- Women who have had ≥5 live births score lower on the American Heart Association’s Life’s Simple 7 scale for cardiovascular (CV) health.
Why this matters
- This study distinguishes CV health/wellness prevalence from CV disease incidence.
- The authors say the results underscore the need to focus on primary prevention in this population.
- Mean CV health score was lower with each live birth.
- For 0, 1-2, 3-4, and ≥5 births, respectively, average scores were 8.9, 8.7, 8.5, and 7.8 (P<.001>
- Compared with nulliparity, scores for all categories of parity were lower.

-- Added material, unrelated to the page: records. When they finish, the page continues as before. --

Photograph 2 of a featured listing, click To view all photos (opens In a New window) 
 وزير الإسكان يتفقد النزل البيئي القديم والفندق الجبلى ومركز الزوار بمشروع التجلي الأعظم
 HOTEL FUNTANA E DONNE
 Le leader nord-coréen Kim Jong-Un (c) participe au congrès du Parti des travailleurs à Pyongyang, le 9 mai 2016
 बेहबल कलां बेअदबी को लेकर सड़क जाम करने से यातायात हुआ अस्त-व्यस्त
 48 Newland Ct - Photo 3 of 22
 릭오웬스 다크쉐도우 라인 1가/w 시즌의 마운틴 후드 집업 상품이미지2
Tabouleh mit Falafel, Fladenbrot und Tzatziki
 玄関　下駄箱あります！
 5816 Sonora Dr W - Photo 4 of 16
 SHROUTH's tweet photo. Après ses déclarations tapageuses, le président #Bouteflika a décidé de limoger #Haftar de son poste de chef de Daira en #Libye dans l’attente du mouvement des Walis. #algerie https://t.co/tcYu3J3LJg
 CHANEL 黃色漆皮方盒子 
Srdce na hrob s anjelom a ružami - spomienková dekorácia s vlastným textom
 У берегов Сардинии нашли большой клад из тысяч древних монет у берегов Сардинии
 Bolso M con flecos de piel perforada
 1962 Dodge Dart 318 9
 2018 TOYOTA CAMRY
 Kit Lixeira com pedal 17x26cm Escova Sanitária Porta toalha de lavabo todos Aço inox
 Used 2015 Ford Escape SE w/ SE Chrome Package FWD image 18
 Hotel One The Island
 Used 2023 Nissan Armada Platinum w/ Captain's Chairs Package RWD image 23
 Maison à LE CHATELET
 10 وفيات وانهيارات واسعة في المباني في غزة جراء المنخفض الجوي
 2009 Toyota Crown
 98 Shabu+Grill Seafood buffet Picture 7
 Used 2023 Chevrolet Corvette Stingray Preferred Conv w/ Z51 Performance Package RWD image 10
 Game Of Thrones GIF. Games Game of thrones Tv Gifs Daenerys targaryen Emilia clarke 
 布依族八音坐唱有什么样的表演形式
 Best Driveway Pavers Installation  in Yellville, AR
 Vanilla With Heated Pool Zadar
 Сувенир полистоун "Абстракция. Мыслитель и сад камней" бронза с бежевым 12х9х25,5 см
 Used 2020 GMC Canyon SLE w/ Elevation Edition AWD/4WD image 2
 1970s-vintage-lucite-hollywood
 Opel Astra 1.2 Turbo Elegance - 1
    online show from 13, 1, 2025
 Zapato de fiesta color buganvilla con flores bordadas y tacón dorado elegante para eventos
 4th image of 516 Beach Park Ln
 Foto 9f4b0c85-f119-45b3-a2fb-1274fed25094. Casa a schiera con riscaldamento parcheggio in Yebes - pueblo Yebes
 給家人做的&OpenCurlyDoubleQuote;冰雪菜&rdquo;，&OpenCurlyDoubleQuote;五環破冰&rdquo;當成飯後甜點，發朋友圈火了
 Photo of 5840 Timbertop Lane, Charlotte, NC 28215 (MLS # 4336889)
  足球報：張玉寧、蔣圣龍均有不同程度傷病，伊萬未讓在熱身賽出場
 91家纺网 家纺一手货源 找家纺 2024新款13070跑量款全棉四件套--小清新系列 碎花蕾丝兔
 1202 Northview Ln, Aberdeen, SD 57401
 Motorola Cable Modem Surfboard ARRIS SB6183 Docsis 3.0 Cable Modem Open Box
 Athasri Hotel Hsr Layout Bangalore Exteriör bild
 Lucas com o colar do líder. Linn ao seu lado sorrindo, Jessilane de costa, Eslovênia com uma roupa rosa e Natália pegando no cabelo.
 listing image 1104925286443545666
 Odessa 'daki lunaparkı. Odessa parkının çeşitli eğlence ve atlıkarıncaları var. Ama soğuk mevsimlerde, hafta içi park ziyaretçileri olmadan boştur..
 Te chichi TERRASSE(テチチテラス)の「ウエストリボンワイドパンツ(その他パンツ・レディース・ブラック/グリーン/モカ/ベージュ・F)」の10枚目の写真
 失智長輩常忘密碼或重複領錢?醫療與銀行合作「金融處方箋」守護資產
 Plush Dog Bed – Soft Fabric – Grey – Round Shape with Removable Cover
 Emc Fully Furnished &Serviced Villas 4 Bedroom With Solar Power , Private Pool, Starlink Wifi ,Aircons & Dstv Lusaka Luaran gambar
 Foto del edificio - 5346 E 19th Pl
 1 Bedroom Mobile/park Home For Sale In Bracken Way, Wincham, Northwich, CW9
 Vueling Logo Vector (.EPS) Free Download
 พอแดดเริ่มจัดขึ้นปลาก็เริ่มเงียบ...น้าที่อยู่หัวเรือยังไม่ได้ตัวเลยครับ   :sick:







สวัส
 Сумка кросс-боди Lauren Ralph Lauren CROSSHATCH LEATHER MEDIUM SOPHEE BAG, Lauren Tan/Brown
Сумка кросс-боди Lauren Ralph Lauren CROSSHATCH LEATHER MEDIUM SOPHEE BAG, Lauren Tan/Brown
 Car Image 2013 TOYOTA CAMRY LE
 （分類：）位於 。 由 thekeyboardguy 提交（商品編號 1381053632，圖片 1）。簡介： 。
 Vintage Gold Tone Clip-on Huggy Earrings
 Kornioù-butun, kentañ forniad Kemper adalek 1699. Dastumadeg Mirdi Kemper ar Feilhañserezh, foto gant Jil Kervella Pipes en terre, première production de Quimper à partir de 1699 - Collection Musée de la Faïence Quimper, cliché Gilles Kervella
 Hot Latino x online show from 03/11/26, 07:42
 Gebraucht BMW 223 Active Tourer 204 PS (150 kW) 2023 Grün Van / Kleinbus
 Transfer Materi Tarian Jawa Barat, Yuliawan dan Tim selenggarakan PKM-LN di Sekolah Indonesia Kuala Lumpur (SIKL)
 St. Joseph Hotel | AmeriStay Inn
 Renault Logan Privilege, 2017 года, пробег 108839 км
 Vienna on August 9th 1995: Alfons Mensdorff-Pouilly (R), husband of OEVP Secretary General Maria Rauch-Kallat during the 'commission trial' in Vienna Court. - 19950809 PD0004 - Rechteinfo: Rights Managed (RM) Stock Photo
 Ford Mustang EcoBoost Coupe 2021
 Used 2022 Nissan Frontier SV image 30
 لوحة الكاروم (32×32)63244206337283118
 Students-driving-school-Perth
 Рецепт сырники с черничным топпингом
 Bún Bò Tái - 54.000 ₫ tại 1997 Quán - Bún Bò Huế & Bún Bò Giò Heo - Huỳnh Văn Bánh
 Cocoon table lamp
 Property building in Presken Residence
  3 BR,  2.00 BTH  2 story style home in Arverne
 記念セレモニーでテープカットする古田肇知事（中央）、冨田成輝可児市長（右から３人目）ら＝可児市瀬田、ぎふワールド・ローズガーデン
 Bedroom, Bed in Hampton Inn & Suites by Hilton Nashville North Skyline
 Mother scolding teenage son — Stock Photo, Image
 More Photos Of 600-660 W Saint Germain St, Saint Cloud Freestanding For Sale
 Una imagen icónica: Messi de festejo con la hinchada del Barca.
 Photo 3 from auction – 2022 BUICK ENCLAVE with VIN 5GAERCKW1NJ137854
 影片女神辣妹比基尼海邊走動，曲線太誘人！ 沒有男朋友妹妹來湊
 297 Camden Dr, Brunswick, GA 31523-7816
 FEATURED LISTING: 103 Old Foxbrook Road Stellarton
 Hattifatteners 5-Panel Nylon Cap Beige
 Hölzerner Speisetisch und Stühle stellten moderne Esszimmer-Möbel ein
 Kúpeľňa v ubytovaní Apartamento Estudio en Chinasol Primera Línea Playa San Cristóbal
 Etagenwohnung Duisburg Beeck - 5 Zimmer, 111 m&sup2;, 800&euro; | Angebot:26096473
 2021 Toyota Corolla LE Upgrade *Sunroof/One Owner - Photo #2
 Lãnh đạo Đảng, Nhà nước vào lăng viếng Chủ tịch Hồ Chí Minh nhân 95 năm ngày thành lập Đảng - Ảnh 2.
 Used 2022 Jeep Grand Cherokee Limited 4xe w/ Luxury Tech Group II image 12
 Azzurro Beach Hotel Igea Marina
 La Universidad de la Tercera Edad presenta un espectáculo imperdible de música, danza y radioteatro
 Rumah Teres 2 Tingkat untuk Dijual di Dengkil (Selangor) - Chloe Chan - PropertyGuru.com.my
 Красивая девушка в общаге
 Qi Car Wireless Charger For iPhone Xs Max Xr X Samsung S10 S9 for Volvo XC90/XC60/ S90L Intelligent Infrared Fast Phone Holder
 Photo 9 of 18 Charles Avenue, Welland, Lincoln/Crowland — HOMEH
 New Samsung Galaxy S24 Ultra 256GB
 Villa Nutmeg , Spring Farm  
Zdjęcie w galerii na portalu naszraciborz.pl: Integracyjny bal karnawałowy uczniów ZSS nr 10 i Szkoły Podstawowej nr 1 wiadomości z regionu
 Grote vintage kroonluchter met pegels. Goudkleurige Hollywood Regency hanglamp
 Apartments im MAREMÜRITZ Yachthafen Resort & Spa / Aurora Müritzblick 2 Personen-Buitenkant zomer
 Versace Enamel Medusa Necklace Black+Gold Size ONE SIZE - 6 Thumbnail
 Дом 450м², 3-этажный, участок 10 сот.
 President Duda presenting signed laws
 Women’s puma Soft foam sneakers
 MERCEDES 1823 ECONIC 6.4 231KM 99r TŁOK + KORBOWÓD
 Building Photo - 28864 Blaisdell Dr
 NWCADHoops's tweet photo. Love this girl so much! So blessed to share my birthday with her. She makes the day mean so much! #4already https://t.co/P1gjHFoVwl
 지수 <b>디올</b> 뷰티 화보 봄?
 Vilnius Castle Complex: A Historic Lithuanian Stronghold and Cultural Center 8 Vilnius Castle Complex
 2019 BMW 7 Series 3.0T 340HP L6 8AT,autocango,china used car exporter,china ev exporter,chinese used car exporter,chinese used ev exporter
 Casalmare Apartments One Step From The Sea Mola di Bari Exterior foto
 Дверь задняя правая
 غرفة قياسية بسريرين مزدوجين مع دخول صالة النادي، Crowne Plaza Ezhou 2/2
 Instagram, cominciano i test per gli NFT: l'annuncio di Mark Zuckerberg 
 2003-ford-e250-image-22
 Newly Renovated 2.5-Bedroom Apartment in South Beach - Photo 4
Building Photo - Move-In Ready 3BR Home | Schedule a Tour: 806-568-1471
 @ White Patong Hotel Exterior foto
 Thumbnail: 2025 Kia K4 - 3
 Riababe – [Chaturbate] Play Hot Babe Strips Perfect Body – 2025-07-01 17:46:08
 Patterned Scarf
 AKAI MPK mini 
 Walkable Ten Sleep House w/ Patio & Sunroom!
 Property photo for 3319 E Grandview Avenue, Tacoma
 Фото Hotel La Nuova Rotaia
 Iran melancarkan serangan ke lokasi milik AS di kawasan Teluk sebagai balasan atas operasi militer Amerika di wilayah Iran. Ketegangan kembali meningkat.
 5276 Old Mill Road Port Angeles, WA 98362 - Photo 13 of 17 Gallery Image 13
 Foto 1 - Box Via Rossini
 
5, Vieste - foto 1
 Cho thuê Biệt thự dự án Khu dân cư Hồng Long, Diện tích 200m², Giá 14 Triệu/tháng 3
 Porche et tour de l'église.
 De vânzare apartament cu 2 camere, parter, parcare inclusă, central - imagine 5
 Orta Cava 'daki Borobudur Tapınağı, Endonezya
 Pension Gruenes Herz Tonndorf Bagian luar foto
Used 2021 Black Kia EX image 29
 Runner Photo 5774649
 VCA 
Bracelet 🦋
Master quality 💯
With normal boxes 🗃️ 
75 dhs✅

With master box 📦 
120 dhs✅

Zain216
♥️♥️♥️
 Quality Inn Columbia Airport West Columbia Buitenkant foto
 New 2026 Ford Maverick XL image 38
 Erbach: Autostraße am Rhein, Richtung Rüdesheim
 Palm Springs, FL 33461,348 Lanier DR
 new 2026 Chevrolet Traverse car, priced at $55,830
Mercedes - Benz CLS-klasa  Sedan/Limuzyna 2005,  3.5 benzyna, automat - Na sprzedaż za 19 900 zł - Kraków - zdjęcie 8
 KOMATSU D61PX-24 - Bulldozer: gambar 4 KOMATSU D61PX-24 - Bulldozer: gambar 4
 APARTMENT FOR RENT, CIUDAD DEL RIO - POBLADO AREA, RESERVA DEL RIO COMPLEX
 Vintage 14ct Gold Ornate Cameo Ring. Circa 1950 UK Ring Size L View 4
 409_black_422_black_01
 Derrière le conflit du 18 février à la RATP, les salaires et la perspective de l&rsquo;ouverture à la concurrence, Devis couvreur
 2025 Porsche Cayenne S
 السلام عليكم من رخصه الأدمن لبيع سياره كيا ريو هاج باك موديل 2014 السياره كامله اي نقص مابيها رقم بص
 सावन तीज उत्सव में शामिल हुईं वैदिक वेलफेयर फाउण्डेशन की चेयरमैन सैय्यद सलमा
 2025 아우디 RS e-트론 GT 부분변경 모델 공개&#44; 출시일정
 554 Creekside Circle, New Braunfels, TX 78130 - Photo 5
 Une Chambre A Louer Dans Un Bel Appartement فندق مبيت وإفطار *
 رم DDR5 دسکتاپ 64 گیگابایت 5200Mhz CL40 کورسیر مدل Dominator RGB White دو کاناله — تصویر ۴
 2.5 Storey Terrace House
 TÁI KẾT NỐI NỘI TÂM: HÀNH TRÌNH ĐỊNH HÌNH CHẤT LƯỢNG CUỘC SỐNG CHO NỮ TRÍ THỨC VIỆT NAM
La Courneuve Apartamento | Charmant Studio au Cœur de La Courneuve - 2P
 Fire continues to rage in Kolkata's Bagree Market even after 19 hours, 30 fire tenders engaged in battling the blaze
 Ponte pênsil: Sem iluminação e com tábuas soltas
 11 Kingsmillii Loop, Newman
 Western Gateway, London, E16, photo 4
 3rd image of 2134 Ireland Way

- For 1-2, 3-4, and ≥5 births, ORs (95% CIs) were 0.64 (0.49-0.83), 0.65 (0.49-0.86), and 0.64 (0.45-0.91).
- Lower prevalence of good CV scores among women who had ≥5 births: OR, 0.50 (95% CI, 0.30-0.83).
- With adjustment, BMI emerged as the factor significantly associating parity and Life’s Simple 7 scores.
- Prospective cohort Multi-Ethnic Study of Atherosclerosis, 6 US centers, 3430 women, mean age 62 (standard deviation, ±10) years.
- Life’s Simple 7: smoking, physical activity, BMI, diet, BP, total cholesterol, blood glucose, each assigned 2, 1, or 0 points for ideal, intermediate, or poor, respectively.
- Funding: NIH.
- Observational, so causation not established.